### YOUR TASK
Once you reach the line with "Belles fleurs de" below, copy each line exactly, stopping after the line with "TAYTAY ARENA 2 HITS - FIRST FIGTH", and skip any pictures.

### SOURCE MATERIAL
_ _ _ _

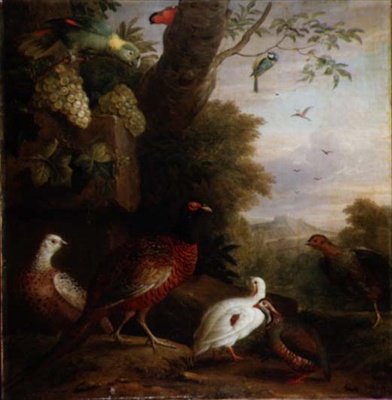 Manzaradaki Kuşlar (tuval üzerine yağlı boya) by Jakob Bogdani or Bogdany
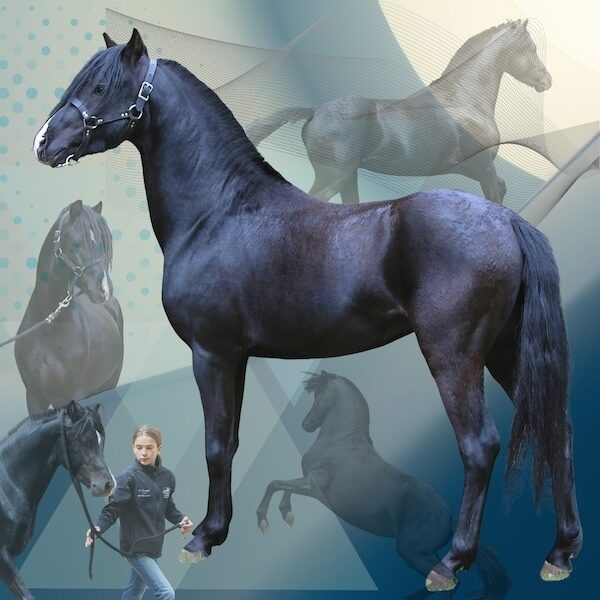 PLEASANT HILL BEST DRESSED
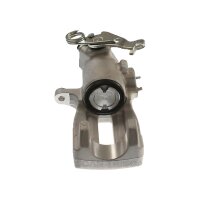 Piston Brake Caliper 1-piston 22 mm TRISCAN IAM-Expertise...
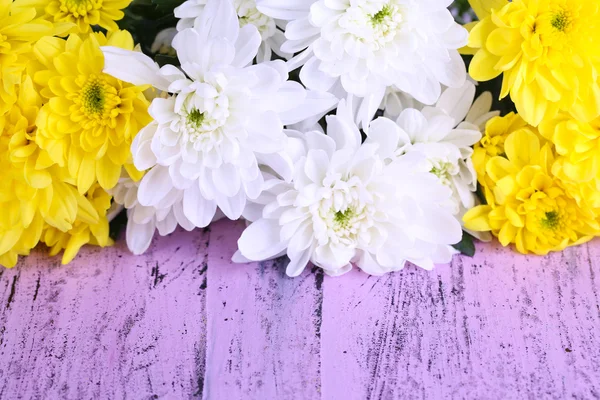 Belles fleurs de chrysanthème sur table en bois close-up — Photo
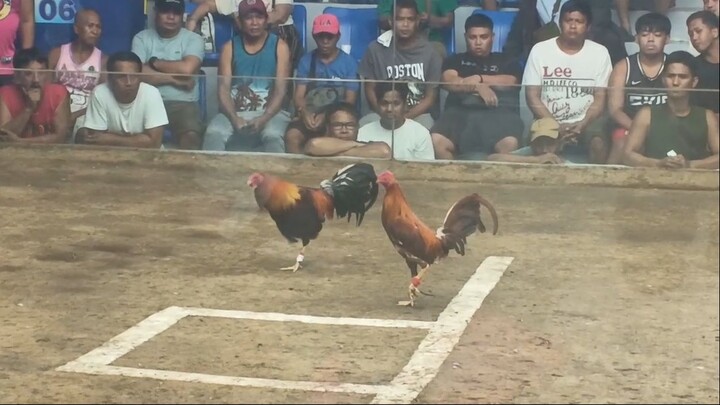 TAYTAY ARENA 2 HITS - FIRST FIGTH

_ _ _ _

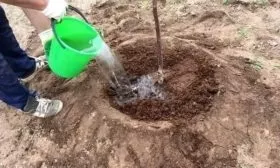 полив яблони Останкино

_ _ _ _

### SOLUTION TO THIS TASK
 Belles fleurs de chrysanthème sur table en bois close-up — Photo
 TAYTAY ARENA 2 HITS - FIRST FIGTH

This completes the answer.